Was aber passiert, wenn die Geige einen schlechten Tag hat und ein Misston von ihren Saiten den Weg in die Ohren der Besucher findet? Jetzt steht die Geige garantiert und unzweifelhaft im Mittelpunkt der Aufmerksamkeit, denn dieser eine falsche Ton hat jeden im Saal zusammenzucken lassen.
Eine ähnliche, wenn auch optische Wirkung, hat eine schlecht vektorisierte, in ihren Möglichkeiten viel zu limitierte Schrift. Das Auge wird das Layout der Seite nicht mehr als Gesamtkomposition wahrnehmen, sondern an kleinen, unschönen Fehlern hängen bleiben. Damit sind der Lesefluss und die umfassende Wirkung der Seitengestaltung wegen eines ärgerlichen Details gestört, schlimmstenfalls sogar ruiniert.
Eine falsch gestellte Frage
Die Frage "Sieht der Leser, wenn er eine hochwertige Schrift vor sich hat?" ist also falsch gestellt. Denn der Leser soll die Schrift als Werkzeug gar nicht wahrnehmen, sondern das Layout der fertig gesetzten Seite als Ganzes begreifen. Der erfolgreiche und sehr bekannte Schriftenentwickler Weidemann hat dies einmal sehr treffend in Worte gefasst: Er stellte fest, dass gute Typografie ebenso wenig bemerkt wird wie gute Atemluft. Schlechte jedoch bemerkt man sofort, weil diese einem stinkt.
Eine treffendere Fragestellung wäre demnach: Wie muss eine Schrift sein, damit sie den Betrachter nicht stört? Bemerkt der Leser nicht die Hochwertigkeit selbst, sondern lediglich ihr Fehlen, darf die Schrift dem Auge keinen Anlass geben, an mangelhaften Details hängen zu bleiben. Hier kommt ein Qualitätsanspruch ins Spiel, den zumeist nur eine lizenzierte, professionell designte Schrift umfassend erfüllen kann.
Was leistet eine professionelle Schrift?
Eine Schriftart ist ein Werkzeug, das der erfahrene Typograf geschickt einzusetzen weiß. Sie soll den Text nicht dominieren, sondern ordnet sich seinem Zweck harmonisch unter. Sie stützt und trägt den Inhalt, ohne ihn mit Geltungsbedürfnis zu übertünchen oder von ihm abzulenken.

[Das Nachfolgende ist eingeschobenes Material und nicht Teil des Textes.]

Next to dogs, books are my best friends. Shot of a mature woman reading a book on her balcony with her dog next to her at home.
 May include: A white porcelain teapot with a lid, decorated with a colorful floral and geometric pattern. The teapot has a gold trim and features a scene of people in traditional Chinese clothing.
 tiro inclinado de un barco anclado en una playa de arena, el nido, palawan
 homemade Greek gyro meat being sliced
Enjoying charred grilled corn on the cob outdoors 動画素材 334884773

Ein gutes Werkzeug zeichnet sich durch Vielseitigkeit, Funktionalität und eine hohe Qualität aus. Eine gute Schrift wird auch in sehr großen oder kleinen Größen ihr sauberes Schriftbild nicht verlieren, keine Kanten entwickeln, wo Bögen gewünscht sind, und genügend Sonderzeichen bereithalten, um auch ungewöhnliche Ansprüche zu erfüllen.
Und wenn der Leser den Text schließlich sieht und nicht bemerkt, wie qualitativ hochwertig die verwendete Schrift ist, ist das ursprüngliche Ziel des Typografen erreicht. Darum lohnt es sich sehr wohl, auf professionelle Schriften zu setzen - denn mit einem minderwertigen Werkzeug lässt sich nur sehr schwer exzellente Arbeit leisten.